**AIM OF THE EXERCISE**
Would you filter the listing below so that only lines with the word "Silk" remain?

**MATERIAL FOR THIS TASK**
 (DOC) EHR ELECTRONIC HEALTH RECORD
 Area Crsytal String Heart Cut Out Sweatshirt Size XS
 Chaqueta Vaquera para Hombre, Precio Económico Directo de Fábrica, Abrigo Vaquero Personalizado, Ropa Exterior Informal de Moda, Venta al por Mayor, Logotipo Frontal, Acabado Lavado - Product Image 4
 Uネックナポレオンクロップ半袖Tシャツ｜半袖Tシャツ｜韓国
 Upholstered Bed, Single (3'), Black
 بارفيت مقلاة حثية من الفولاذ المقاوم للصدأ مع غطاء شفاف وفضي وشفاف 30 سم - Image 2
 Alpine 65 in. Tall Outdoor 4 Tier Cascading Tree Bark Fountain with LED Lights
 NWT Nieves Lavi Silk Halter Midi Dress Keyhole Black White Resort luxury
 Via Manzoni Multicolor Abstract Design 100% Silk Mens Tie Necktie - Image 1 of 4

--

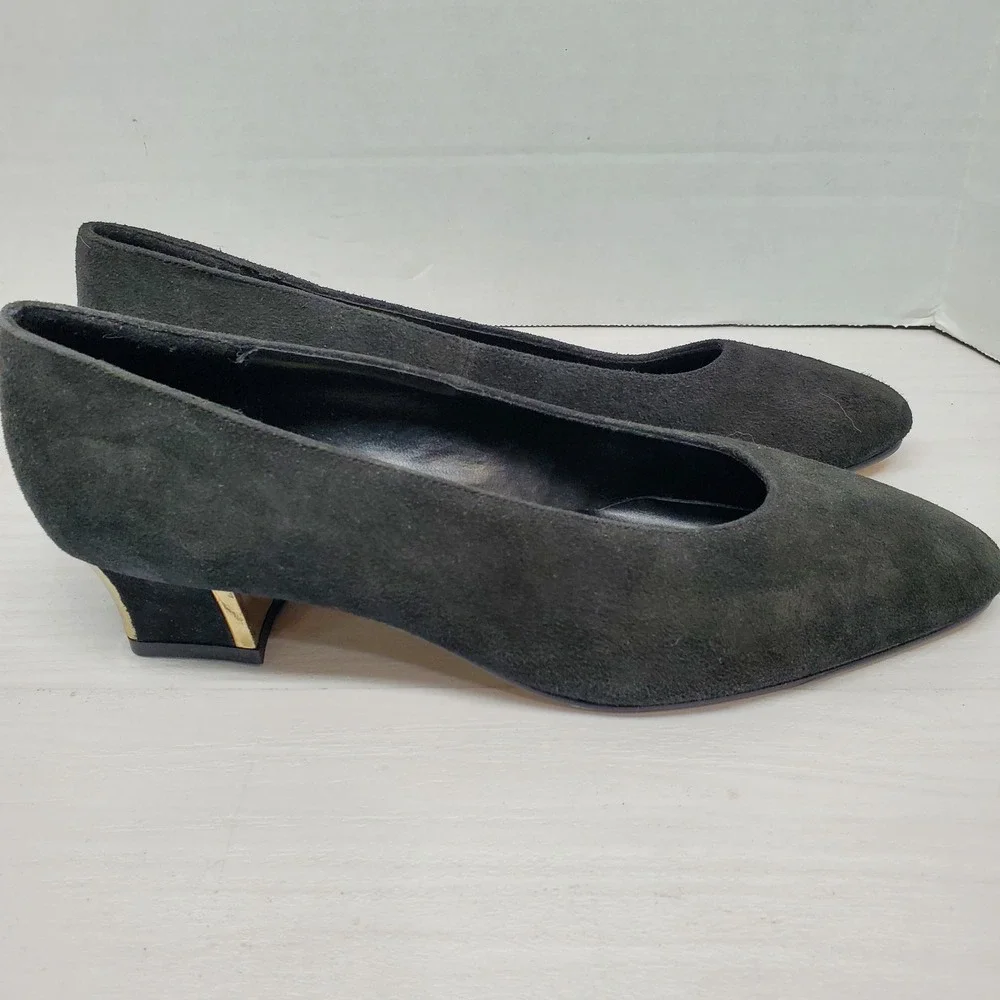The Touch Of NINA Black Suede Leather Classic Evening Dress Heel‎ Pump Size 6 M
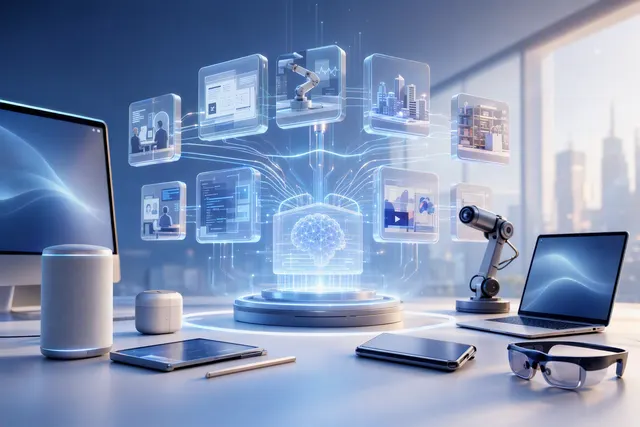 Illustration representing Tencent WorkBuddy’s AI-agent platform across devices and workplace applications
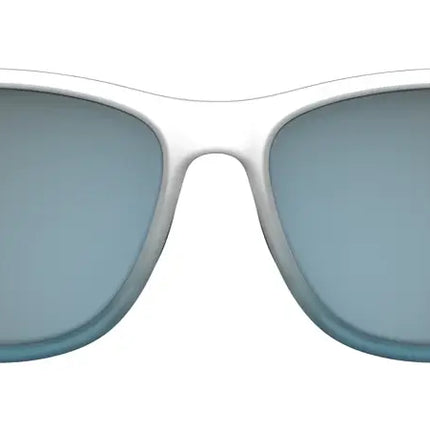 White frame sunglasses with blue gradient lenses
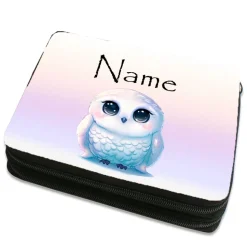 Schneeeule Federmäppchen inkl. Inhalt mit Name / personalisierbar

**SOLUTION BELOW**
 NWT Nieves Lavi Silk Halter Midi Dress Keyhole Black White Resort luxury
 Via Manzoni Multicolor Abstract Design 100% Silk Mens Tie Necktie - Image 1 of 4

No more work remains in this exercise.